LaFave couldn’t have been less worried. With Danny Click on lead guitar, Will Landin on bass and Wally Doggett on drums, the Austin singer-songwriter fired up two hours of ballads, rock and soulful blues. Keeping between-song banter to a minimum, LaFave drew on a selection of new and old, covers and originals. When he did chat, it was in the same manner that he performs, time the least of his concerns.
“This is just the kind of place Townes would be real comfortable in,” he mused. “When I saw these beautiful green hills up here, I thought of this Townes Van Zandt song.” But then that reminded him of pulling into a truck stop on the drive from his previous night’s show in Montreal, and how they had wound up talking about life on the road. A cover of Townes’ “Snowin’ On Raton” was the eventual punch line.

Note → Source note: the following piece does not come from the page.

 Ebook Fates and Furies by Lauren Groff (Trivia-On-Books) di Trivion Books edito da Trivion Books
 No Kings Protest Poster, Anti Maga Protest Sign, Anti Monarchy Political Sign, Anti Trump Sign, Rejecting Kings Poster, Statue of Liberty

That jaw about road life was for the benefit of Serena Ryder. She’s the girl LaFave heard singing in a hallway at last year’s Folk Alliance convention in Jacksonville, Florida, and has taken under his wing. Barely out of high school and accompanying LaFave on his Canadian tour, the Toronto-born Ryder, who opened the show, struck one audience member as a combination of Patsy Cline and Janis Joplin. Add a little Tracy Chapman and Etta James, and you’ve got the picture. Pipes. Presence. Potential.
Another youngster inspired a bit more stage talk. Born during his dad’s current tour, Jackson Delaney is Jimmy’s first child. “I’m still waiting for the FedExed pictures of him,” said LaFave, seemingly bemused at becoming a father at 46. “I’ll send this song out to my kid,” he added, and “Never Is A Moment”, from last year’s Texoma album, had suddenly been written for a child, not a woman: “From your head down to your toes/You are beautiful divine/If you hear music in the wind/My melody I hope you’ll find.”
And so it went. “Only One Angel”. “The Weight”. Blistering rock ‘n’ roll with Jimmy barely breaking a sweat. It was 1:20 Wednesday morning by the time he wrapped up “Mercury Blues” and the clutch of dancers packed it in. Another working day for most us, we headed back to the city, the rain over and stars glittering.